You must have 5 or 10 baht coins to purchase Skytrain tickets from the vending machines near the entrance, so hold on to them. Fares range from 10 to 45 baht depending upon how many zones you are travelling. Consult the map (in English) near each ticket machine. If you do not have coins, queue for change from the staff at the booth. If you are in town for several days, weigh your options and consider a rechargable stored-value card (from 100 baht, with a 30-baht refundable deposit), a "ride all you like" tourist pass (from 100 baht/day) or a multiple ride pass of 10 trips or more. They will certainly save you time, scrambling for coins, and maybe even money. Check for information with the English speaking staff.
BTS Skytrain operates from 06.00 - 24.00 hours everyday with two main lines -- Sukhumwit and Silom lines.
Mo Chit (Northern Bus Terminal) - Onnut Line or Sukhumwit Line
This line is 17 kilometres in length covering 17 stations as follows:
Mo Chit – Saphan Khuai – Ari – Sanam Pao – Victory Monument – Phaya Thai – Ratchathewi – Siam Square – Chit Lom – Phloen Chit – Asok – Sukhumvit – Phrom Phong – Thong Lo – Ekkamai (Eastern Bus Terminal) – Phra Khanong – On Nut
National Stadium - Taksin Bridge Line or Silom Line
This line has a length of 6.5 km and covers only 7 stations as follows:
National Stadium – Siam Square – Ratchadamri – Sala Daeng – Chong Nonsi – Surasak – Saphan Taksin
Passengers can change their routes at the Interchange Station at Siam Square.
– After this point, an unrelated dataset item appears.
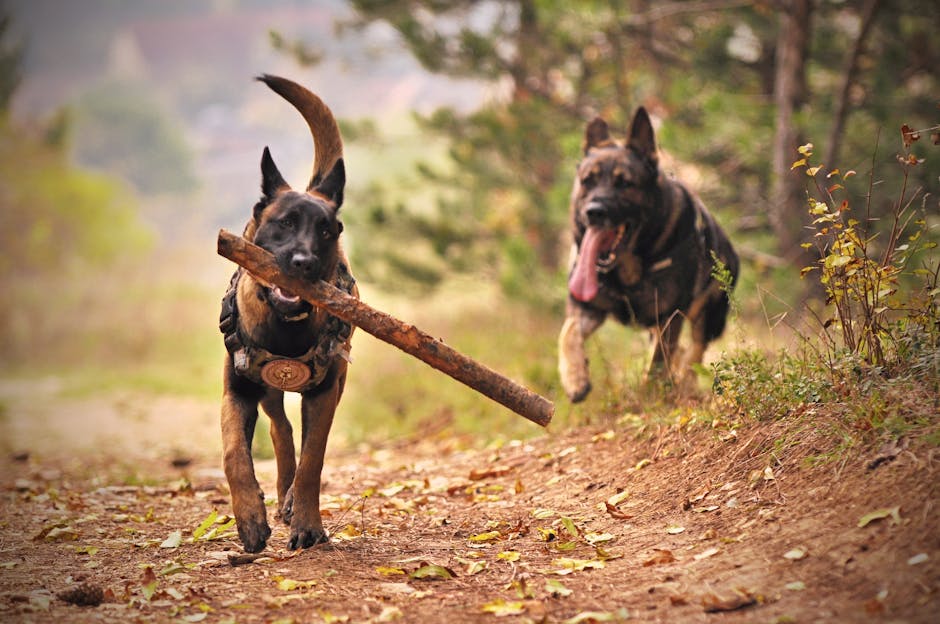 how to keep dogs cool outside in hot weather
Apart from being the fastest means of transportation, the skytrain has two more
advantages -- it offers a panoramic view of Bangkok and it stops at several
prime shopping centres lying along Silom, Ratchadamri, and Sukhumwit roads.
Interchange stations with MRT are also provided at Mo Chit, Sukhumvit, and Sala Daeng stations.
The fares range from 10 to 40 baht based on the distance travelled. One Day Pass is available at the cost of 120 baht.
Bangkok Metro (MRT)
The long-awaited Bangkok Metro finally opened in July 2004. The Blue Line connects the central Hualamphong railway station (1) to the northern Bang Sue station (18), with interchanges to the Skytrain at Silom/Sala Daeng (3/S2), Sukhumvit/Asok (7/E4) and Chatuchak/Mo Chit (15/N8). You can also transfer to north/northeast-bound SRT trains at the northern terminus Bang Sue.
Metro tickets are not interchangeable with Skytrain tickets. Rides cost from 12 to 36 baht depending on distance; pre-paid cards of up to 1000 baht are also available. For single ride fares, a round plastic token is used.
The subway stop for the Chatuchak Weekend Market is not Chatuchak Park, but one stop further at Kamphaeng Phet (16). The latter drops you right inside the market.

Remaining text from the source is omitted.